Définition préliminaire de l’économie : 

Définition préliminaire de l’économie « l’économie et le travail »

L’économie et le travail

Le principe du travail est corrélatif avec celui de la nature, ou principe gratuit ; et, dans une certaine mesure, il lui est opposé. A l’économie comme production et accroissement de la vie par le travail s’oppose la nature comme l’ensemble des énergies « naturelles », gratuites (pour l’homme) de la vie et de sa croissance. Ce n’est pas par un acte économique que l’homme naît, qu’il se développe dans le sein de sa mère, puis qu’il croît en se fortifiant physiquement et spirituellement, et qu’il en devient conscient. Ce n’est pas par l’économie non plus qu’ont lieu tous les processus de la nature ni qu’est créé cet univers. Au contraire, c’est l’actualité de ce dernier qui est la condition de la possibilité, tant subjective qu’objective, de l’économie. C’est seulement parce que l’univers existe qu’il est possible de travailler et que l’on en a la capacité. A cet égard, l’économie est simplement comprise dans la vie de l’univers comme un facteur de croissance.

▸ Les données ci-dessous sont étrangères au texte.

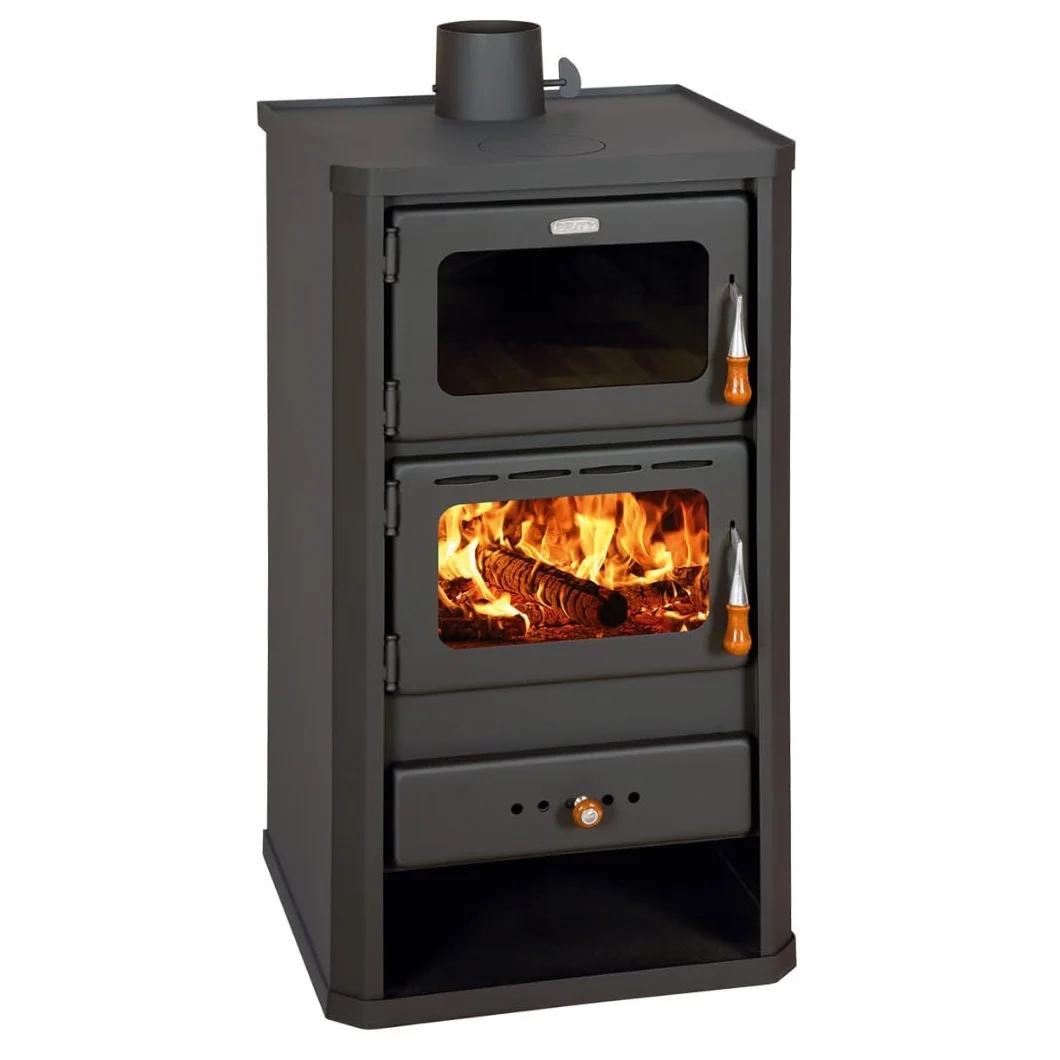 Stufa a Legna con Forno Prity FM 12kW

En même temps, ce facteur est indispensable, il est inclus dans le plan de la création comme manifestation actuelle d’une vie qui est parvenue à être consciente d’elle-même avec son extrême tension. La culture, c’est-à-dire une croissance de vie, acquise par le travail, provoquée ou réalisée par des moyens économiques, suppose la nature (quant à son état non culturel ou, plus exactement, extra- et pré-culturel, d’avant l’économie) en tant que son fondement. Sans une culture de travail, la nature est incapable de manifester toutes ses énergies, du moins en l’homme, sortir de son existence engourdie. Cependant, la culture ne dispose pas d’autres forces créatrices que celles déjà imparties à la nature. Même en y « prenant soin » (c’est-à-dire en y appliquant tous les efforts de la culture), nous ne pouvons ajouter un seul pouce à notre taille, selon la parole du Seigneur. Aussi la nature est-elle la base de la culture, une matière à travailler. En dehors d’elle, l’économie est tout aussi inconcevable et impossible qu’une expérience concrète en dehors de la vie.





Commentaire/Analyse

Le Père Serge rappelle ici une évidence tellement classique, que l’on est à la limite du truisme : la réalité du monde, les forces de la nature, font que l’économie est possible. Mais le Père Serge semble ici voir les choses d’une façon qui n’est pas le cœur de l’économie : le monde comme potentiel, et l’économie comme organisation de ce potentiel, comme « amélioration » dans une optique humaine. Il semble pourtant que l’économie, davantage que la transformation d’un monde qui demande à être transformé, soit plutôt l’affectation arbitraire d’une valeur à un objet du monde. L’objet peut être plus ou moins brut : le plus simple étant un élément simple et abondant dans le monde (tel que l’eau) ou bien un objet complexe issu de multiples sources et d’un savoir-faire humain très complexe (un ordinateur par exemple).

Une des capacités les plus incroyables de l’économie est d’avoir l’aptitude de créer un marché, même sur des objets simples. On appelle ici marché, un espace virtuel sur lequel se rencontrent les acheteurs et les vendeurs de cet objet, et qui vont fixer par leurs échanges la valeur de l’objet en question. Le marché de l’eau, dans un monde où il pleut paraît assez incroyable, et montre alors la puissance de « l’économie » en tant que mode d’organisation du monde. Les grands acteurs économiques, aidés par les médias dont ils sont eux-mêmes les actionnaires principaux, arrivent à instiller l’idée que l’eau peut aussi être un marché comme un autre. Vouloir nationaliser (ou en tout cas le soustraire à la sphère marchande) est présenté comme une position « extrémiste » pour ces acteurs. Ceci montre une vision, où même les composantes du monde les plus essentielles à la vie ne peuvent plus échapper à l’accroissement infini de la sphère marchande.

C’est ici finalement que l’économie apparaît comme étant d’une insolence et d’une ingratitude folle vis-à-vis du monde. Là où Dieu a mis à disposition de tous, gratuitement, de l’eau dans des quantités colossales, l’homme dans sa vision déformée du monde croit pouvoir faire de l’eau une denrée économique. Ceci montre que l’économie, comme objet de transformation du monde, et comme fantasme de contrôle du monde, ne connaît pas de limite théorique. Et comme le rappelle le Père Serge ici : si l’économie ne conçoit pas la limite, elle oublie également qu’elle est bâtie sur un donné qui devrait l’appeler à la modestie.